Where can I write my temporary data?
The nodes of the cluster have a scratch directory /ext. This is writable by everyone and is the ONLY place to save temporary files.
Where can I write my permanent data?
If there is a need to write a large amount of data permanently and this exceeds the quota of the personal home, you should contact the research group you work with to have access to their space on the NAS or, if this is not possible, open a ticket motivating the need to have a greater share of space on your home.
How can I select a specific node of the cluster?
If the selection of a GPU via the --gres option leads to an ambiguity or if you just know that you want to work on a specific node of the cluster, you need to select that node with the --nodelist
option. If this node were, let's say, the machine named gpu1, then the option to add would be: --nodelist=gpu1
or, as an alternative, -w gpu1
. The downside of using this option is that you will probably have to wait some time before that particular machine is available to run the code.
I'd like to run my jobs on a different machine than the one I've been assigned: how can it be excluded?
A specific machine can be excluded using the --exclude
option. Assuming that the runner to avoid is number 01, the option becomes: --exclude=runner-01
or, as an alternative, -x runner-01
.
What should I do if I realize that my jobs need more time than initially estimated or if I need to exceed the maximum duration allowed?
In these cases, a report must be made to the IT Services via the helpdesk portal, which can be reached at the site https://www.dei.unipd.it/helpdesk, providing an estimate of the time needed to complete the jobs, i.e. how many days must be extended with respect to what was specified during the launch of the same.
How can I install a package that I need but is not present on the MATLAB installation that is made available?
In this regard, there are two possibilities:
toolboxFile = '\homeuserMy toolbox.mltbx'; agreeToLicense = true; matlab.addons.install(toolboxFile,agreeToLicense)
How can an environment like Anaconda be used in the execution of jobs?
You need to run the source
command followed by the path before running the actual code. You can then experiment with an interactive job by connecting with ssh to login.dei.unipd.it and then giving the interactive command. This opens a shell on the first free runner.
How can I persistently install missing packages on Singularity?
There are two ways to achieve this:
pip install
command. With the command source
it will then be possible to recall the /bin/activate of the environment.Is it possible to map a non-home workbook to Singularity?
The home path is automatically mapped inside the container. If you want to map the directory to, say, /my_dir you need to add the --bind /my_dir option: singularity exec --bind /my_dir
How can I run an externally compiled program on the compute cluster?

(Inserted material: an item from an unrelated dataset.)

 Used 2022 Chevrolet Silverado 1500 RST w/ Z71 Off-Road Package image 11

The binaries must necessarily be compiled with the libraries present in the cluster. So if some binaries are not recognized, you have to log in to login.dei.unipd.it and type the interactive
command which opens a shell on one of the servers in the cluster. At this point you need to recompile the programs.

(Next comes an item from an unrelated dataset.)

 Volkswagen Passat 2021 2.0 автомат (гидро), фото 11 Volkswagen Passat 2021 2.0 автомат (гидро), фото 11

Is a GPU allocation exclusive or if enough memory is left over the GPU can be shared with other jobs? And is it possible to specify the GPU memory needed?

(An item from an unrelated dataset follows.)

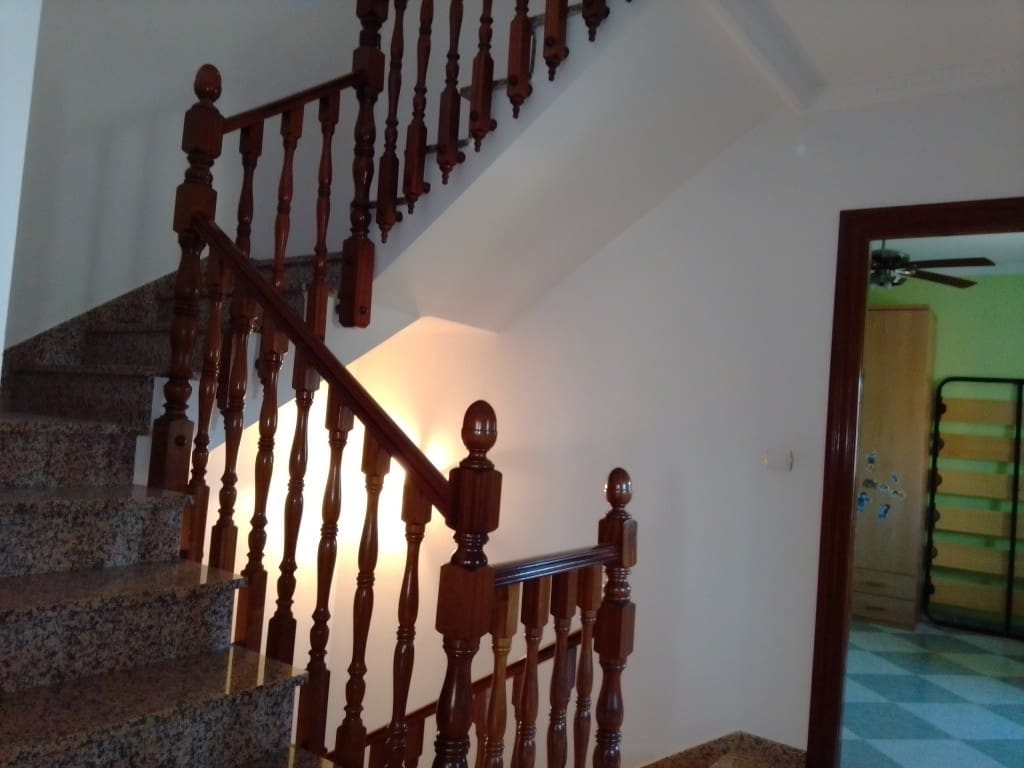 4 bedroom Townhouse for sale in Castillo de Locubin with garage - € 135,000 (Ref: 6428558)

Each allocation (CPU, RAM, GPU) is exclusive for the job, so the fact of not fully exploiting the internal memory of a GPU does not lead to being able to share it among multiple jobs.
I need parallel tasks in order to work with a parfor loop in MATLAB. How do I behave?
Assuming you want to have 10 workers, you will need to ask for a task and a number of CPUs equal to 11, so as to dedicate one to the Matlab process and 10 for the useful work of the parallel tasks:
#SBATCH --ntasks 1
#SBATCH --cpus-per-task 11
Is it necessary to be user "root" to build the Singulariy image?
With Singularity you can build the image without having to be a "root" user or in the "sudoer" list.
How can I receive accurate information on how my job has done?
There's a chapter entirely dedicated to statistics and accounting. Sometimes errors can be made on the estimate of the resources to allocate for a job. Try to be conservative... but not too much: too little RAM for example can result in an expected crash of the execution.
Efficiency however is fundamental as you're working in an environment where a huge number of users need to run their jobs. In the past in peak moments some incautious allocations have prevented people from the possibility to use the system for quite a long time: if problems like this arise we could terminate jobs which present an unwise resource allocation.
To get information about the resources used by your job, maybe a few lines that can give you the idea of what you need before launching a longer execution, you can set the job file in order to receive an email with useful statistics: consult the chapter Slurm basics where the option --mail-type is explained.